Spin!
Discover!
Introduction to Mechanisms for Artists
with Jason Torchinsky
Date & Time
January 17, 2009, 12pm–4pm
January 18, 2009, 12pm–4pm
Location
Machine Project
Map
Pricing
$160 for members
$185 for non-members

Instructor: Jason Torchinsky

Please join us for an introduction to the wide world of motors and mechanical systems for use in kinetic and robotic artworks.

You know those waking dreams you have about how soon you’re going to crawl into the cockpit of a 24-foot robotic exoskeleton and make them all pay for how they treated you? You know how when you’re awakened or startled from your violent reverie by the blaring horn of the car behind you, and you look down at your soft, pliant, new-media hands and despair that you’ll never have the skills needed to create your massive revenge machine? That’s what we’re going to solve.

See, it’s a three-step process: Step three is you climbing into your gigantic robotic exoskeleton. Step two is probably at least one other successful project or at least skimming a couple of relevant books. Step one is this class, Introduction to Mechanisms.

This two-day class is all about how lifeless, inert lumps of metal and plastic can be cajoled into motion. It’s about crap doing crap, and how. We’ll cover the real fundamentals of machines, what prime movers and motors are, how they work, how you can take that power and put it to work for you. We’ll explore how big machines are really big colonies of interworking mechanisms, and we’ll look at the ways they connect and interact and live.
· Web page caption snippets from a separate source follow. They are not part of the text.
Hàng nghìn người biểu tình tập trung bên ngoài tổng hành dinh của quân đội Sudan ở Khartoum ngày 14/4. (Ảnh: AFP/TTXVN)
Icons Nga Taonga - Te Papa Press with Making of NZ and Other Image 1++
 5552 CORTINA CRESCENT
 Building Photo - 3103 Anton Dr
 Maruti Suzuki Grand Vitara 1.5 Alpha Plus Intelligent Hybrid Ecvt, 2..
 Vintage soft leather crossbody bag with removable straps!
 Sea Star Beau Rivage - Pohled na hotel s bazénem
We’ll see why it can all be so damn hard and frustrating, and also so much fun. By the end, you’ll be amazed anyone ever built a working car, but at least you’ll be a step closer to building moving, lurching things of your own.

Materials: General tools (screwdriver, wrench, pliers), anything with a motor you want to extract, safety glasses, drawing materials, ruler, an iron will.

Day 1: The basics. We talk about the fundamental simple machines, how they begat more complicated ones. The importance of structure, what motors are, what kinds there are (electrical, combustion, etc) and how they work, how to get their power to do things, and how to tear things apart to get to their motors, and how to test them. And then drawing. Planning. Designing something simple but fun to build tomorrow.

Day 2: It’s Tomorrow. We’re going to look at the drawings, and try and pick some things to build. Ideally, we’ll have at least two mechanized things that move or move something. Then we can race them or fight them or let them destroy themselves. It’ll be a blast, as long as no one expects anything to, you know, really work.